Exercise:
Return the material below exactly, but only from the line with "Emporio Armani Fall" through the line with "2432 Raven Circle, Blanchard, OK", and without its pictures.

Study material:
Start of Block

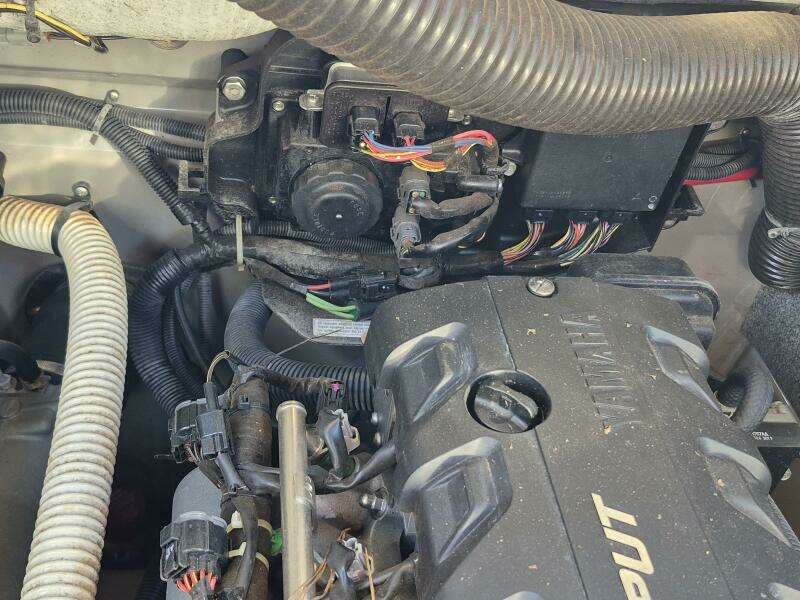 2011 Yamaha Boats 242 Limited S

End of Block
Start of Block

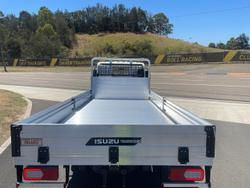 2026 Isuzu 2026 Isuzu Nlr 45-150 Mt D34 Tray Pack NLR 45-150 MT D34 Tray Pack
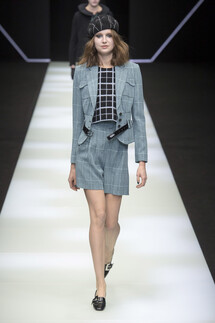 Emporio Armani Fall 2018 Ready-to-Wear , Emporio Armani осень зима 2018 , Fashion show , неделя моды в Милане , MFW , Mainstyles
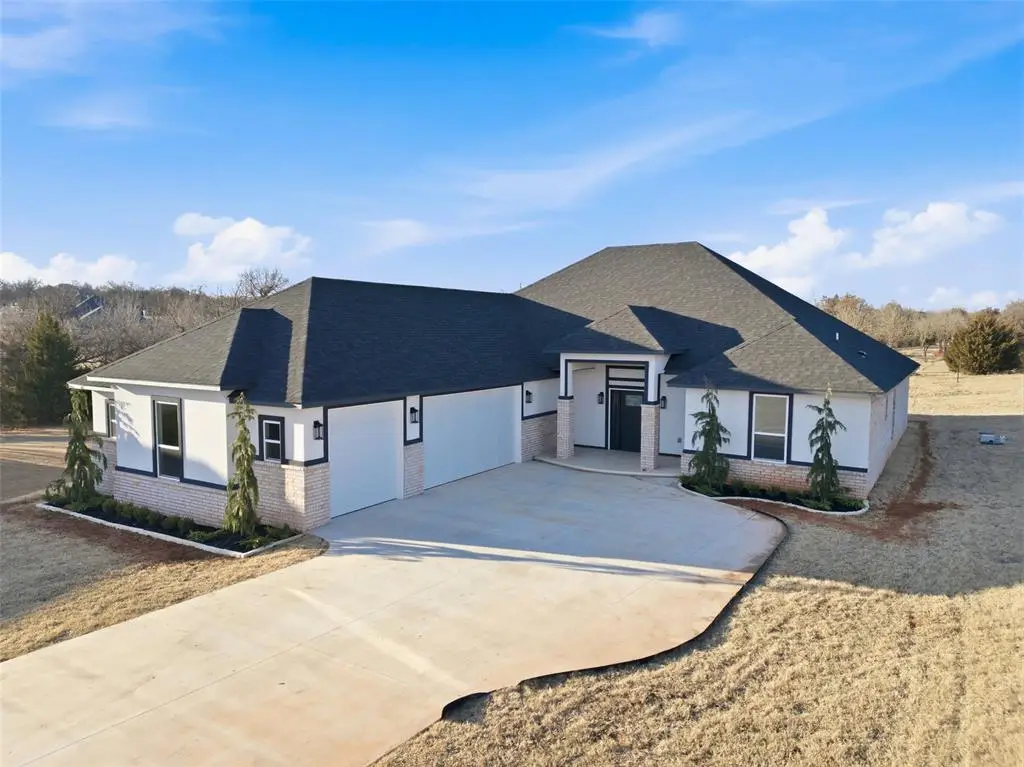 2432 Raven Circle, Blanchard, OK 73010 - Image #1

End of Block

Result of the task:
 Emporio Armani Fall 2018 Ready-to-Wear , Emporio Armani осень зима 2018 , Fashion show , неделя моды в Милане , MFW , Mainstyles
 2432 Raven Circle, Blanchard, OK 73010 - Image #1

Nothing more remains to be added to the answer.